Contracts, registers, mandatory postings: employment law compliance imposes numerous obligations on every employer. Discover how to respect them effectively.

Certyneo Team14 min read

Certyneo Team

Writer — Certyneo · About Certyneo

Employment law compliance represents a strategic challenge for every French company, regardless of size. In 2026, employers face a dense legislative corpus: the Labour Code, European directives, GDPR regulations and documentary traceability obligations. Failing to meet these obligations exposes the company to labour court sanctions, URSSAF adjustments and a serious deterioration of the social climate. This article decrypts all legal obligations of employers, from drafting employment contracts to preserving HR documents, highlighting how tools such as electronic signature for HR transform compliance management.
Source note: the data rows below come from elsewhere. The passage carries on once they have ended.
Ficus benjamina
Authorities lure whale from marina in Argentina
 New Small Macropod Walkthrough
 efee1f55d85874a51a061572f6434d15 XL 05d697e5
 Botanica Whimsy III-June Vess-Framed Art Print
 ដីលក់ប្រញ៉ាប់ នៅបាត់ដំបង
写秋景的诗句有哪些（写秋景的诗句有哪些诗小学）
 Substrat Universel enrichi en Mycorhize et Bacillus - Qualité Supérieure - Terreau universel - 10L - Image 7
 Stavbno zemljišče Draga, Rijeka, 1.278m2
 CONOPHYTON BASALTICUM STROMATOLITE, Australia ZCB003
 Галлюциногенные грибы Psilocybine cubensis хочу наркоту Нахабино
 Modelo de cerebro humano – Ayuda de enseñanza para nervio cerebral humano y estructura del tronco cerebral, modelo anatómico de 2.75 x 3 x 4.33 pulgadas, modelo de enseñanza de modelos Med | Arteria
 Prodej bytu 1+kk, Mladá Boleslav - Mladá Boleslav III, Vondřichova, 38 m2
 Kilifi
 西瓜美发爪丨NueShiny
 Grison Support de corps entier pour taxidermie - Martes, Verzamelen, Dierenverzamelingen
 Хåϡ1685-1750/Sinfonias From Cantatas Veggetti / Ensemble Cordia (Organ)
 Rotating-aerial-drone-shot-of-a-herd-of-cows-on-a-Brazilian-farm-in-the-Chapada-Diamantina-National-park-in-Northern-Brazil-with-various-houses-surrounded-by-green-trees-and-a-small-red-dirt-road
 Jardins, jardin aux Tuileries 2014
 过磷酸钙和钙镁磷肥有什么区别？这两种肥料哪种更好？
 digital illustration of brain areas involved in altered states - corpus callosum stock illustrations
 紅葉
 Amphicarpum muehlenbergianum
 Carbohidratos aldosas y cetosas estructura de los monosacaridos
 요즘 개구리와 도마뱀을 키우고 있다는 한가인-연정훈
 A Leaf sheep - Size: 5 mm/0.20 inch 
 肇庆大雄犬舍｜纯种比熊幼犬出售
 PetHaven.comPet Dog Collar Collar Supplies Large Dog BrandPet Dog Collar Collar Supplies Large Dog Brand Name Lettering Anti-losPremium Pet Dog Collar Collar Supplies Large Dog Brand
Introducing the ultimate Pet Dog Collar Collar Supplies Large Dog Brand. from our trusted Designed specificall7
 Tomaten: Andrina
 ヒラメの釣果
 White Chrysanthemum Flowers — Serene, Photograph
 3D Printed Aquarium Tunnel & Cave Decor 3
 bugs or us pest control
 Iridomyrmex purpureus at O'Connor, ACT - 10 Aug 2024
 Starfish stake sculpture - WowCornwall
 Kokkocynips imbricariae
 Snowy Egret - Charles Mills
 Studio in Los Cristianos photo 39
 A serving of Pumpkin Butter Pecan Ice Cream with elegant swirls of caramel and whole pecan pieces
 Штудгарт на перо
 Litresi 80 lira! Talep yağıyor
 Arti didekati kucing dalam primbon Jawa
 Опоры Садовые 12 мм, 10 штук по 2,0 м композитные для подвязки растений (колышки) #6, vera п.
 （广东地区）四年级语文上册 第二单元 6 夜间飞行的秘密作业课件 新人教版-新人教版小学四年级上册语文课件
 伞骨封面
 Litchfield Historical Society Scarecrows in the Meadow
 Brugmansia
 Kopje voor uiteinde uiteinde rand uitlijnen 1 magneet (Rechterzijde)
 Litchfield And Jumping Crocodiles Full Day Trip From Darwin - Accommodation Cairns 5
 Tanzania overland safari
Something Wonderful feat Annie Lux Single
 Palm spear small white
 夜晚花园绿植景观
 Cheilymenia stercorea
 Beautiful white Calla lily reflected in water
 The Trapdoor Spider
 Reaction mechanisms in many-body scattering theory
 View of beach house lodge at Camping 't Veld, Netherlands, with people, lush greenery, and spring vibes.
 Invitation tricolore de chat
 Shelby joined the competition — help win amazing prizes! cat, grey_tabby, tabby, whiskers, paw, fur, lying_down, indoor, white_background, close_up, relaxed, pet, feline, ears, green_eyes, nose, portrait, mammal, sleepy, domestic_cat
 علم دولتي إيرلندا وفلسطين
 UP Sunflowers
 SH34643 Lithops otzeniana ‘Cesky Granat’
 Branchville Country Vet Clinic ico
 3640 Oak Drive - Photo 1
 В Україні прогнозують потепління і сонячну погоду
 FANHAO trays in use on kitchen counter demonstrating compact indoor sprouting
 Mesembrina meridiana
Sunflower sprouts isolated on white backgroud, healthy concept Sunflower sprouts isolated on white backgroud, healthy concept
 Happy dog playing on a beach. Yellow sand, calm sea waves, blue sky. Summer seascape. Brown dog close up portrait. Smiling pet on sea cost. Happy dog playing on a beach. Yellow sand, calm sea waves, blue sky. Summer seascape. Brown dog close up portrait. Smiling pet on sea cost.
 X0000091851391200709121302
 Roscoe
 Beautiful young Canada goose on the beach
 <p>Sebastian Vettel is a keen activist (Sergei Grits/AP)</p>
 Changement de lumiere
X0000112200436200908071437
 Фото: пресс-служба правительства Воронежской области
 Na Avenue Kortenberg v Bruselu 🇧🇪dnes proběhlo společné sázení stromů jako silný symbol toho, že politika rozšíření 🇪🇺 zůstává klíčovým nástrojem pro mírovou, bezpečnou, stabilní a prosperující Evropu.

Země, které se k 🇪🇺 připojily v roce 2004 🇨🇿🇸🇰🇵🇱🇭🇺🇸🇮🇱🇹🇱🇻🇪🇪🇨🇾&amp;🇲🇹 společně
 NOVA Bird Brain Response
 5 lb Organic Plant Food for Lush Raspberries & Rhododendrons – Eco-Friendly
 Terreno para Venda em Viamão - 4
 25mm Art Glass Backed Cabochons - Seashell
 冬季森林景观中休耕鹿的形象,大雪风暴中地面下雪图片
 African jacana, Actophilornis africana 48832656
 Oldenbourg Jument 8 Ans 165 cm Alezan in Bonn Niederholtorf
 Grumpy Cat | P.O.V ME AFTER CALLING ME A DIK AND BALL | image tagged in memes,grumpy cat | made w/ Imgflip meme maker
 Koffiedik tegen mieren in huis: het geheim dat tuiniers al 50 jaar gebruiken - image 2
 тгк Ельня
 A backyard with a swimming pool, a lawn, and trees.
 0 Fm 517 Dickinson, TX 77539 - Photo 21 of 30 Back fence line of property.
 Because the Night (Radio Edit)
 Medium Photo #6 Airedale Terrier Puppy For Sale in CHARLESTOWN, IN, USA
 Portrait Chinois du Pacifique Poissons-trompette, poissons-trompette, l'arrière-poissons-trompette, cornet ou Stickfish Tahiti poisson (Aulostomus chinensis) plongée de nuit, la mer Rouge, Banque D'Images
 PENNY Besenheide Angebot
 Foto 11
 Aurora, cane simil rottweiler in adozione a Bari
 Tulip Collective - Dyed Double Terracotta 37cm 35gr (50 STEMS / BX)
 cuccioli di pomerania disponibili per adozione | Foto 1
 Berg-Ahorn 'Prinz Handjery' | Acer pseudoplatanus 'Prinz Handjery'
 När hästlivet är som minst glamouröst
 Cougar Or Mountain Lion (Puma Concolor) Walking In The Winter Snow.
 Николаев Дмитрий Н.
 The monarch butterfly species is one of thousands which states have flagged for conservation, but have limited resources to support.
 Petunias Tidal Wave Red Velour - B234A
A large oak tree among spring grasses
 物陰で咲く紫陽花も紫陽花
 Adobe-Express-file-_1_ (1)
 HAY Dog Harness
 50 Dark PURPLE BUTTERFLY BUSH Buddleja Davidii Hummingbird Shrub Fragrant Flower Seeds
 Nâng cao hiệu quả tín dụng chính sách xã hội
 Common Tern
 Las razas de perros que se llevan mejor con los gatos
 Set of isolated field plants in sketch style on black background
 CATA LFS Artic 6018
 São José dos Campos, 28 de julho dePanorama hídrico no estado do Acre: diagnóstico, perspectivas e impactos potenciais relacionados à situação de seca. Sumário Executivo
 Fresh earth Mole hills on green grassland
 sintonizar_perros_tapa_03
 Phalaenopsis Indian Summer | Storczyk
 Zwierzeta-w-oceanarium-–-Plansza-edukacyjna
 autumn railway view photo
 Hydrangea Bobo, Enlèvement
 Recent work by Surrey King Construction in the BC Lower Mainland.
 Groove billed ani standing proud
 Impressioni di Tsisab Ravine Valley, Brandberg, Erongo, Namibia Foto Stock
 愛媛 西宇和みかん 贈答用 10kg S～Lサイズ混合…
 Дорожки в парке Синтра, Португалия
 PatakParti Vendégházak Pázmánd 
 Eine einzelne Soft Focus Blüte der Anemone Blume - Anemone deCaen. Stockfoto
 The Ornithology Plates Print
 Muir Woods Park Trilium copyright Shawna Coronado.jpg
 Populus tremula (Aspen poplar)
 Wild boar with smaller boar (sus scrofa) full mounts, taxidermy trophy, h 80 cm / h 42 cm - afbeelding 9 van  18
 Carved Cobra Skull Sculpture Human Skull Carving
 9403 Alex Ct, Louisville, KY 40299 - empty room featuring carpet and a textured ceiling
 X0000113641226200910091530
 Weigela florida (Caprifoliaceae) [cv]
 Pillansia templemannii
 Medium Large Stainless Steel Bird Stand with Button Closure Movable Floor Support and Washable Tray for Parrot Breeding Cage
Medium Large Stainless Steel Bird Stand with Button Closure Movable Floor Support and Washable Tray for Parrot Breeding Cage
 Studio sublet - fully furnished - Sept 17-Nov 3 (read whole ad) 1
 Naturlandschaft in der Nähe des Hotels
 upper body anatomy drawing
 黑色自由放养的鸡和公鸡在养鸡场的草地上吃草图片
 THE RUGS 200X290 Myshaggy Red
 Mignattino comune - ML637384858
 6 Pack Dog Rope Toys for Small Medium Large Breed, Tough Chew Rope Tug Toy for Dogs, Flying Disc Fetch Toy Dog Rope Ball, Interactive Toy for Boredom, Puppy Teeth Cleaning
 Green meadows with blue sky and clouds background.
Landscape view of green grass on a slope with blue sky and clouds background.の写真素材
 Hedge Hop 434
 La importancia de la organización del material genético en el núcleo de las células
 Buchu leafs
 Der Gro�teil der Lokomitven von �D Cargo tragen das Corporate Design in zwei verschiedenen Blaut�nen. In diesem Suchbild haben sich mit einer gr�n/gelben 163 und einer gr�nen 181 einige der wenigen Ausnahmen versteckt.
Fundamental documentary obligations of employers

The law requires every employer to formalise in writing a set of documents framing the employment relationship. These documentary obligations are not mere formalities: they constitute legal proof of the respective rights and duties of both parties.

Employment contract: mandatory form and content

In France, a full-time permanent contract (CDI) may in principle be verbal, but practice systematically requires written form. However, several types of contracts require written form under penalty of nullity or requalification:

  • Fixed-term contract (CDD) (article L.1242-12 of the Labour Code): the contract must be transmitted to the employee within 2 working days following recruitment. It must mention the reason for recruitment, the end date or minimum duration, the position, remuneration and applicable collective agreement.
  • Temporary contract (article L.1251-16): same formality requirement with transmission within 2 days.
  • Part-time contract (article L.3123-6): mandatory written form, it must specify weekly or monthly duration, schedule distribution and modification conditions.
  • Apprenticeship and vocational training contracts: subject to registration with the competent OPCO.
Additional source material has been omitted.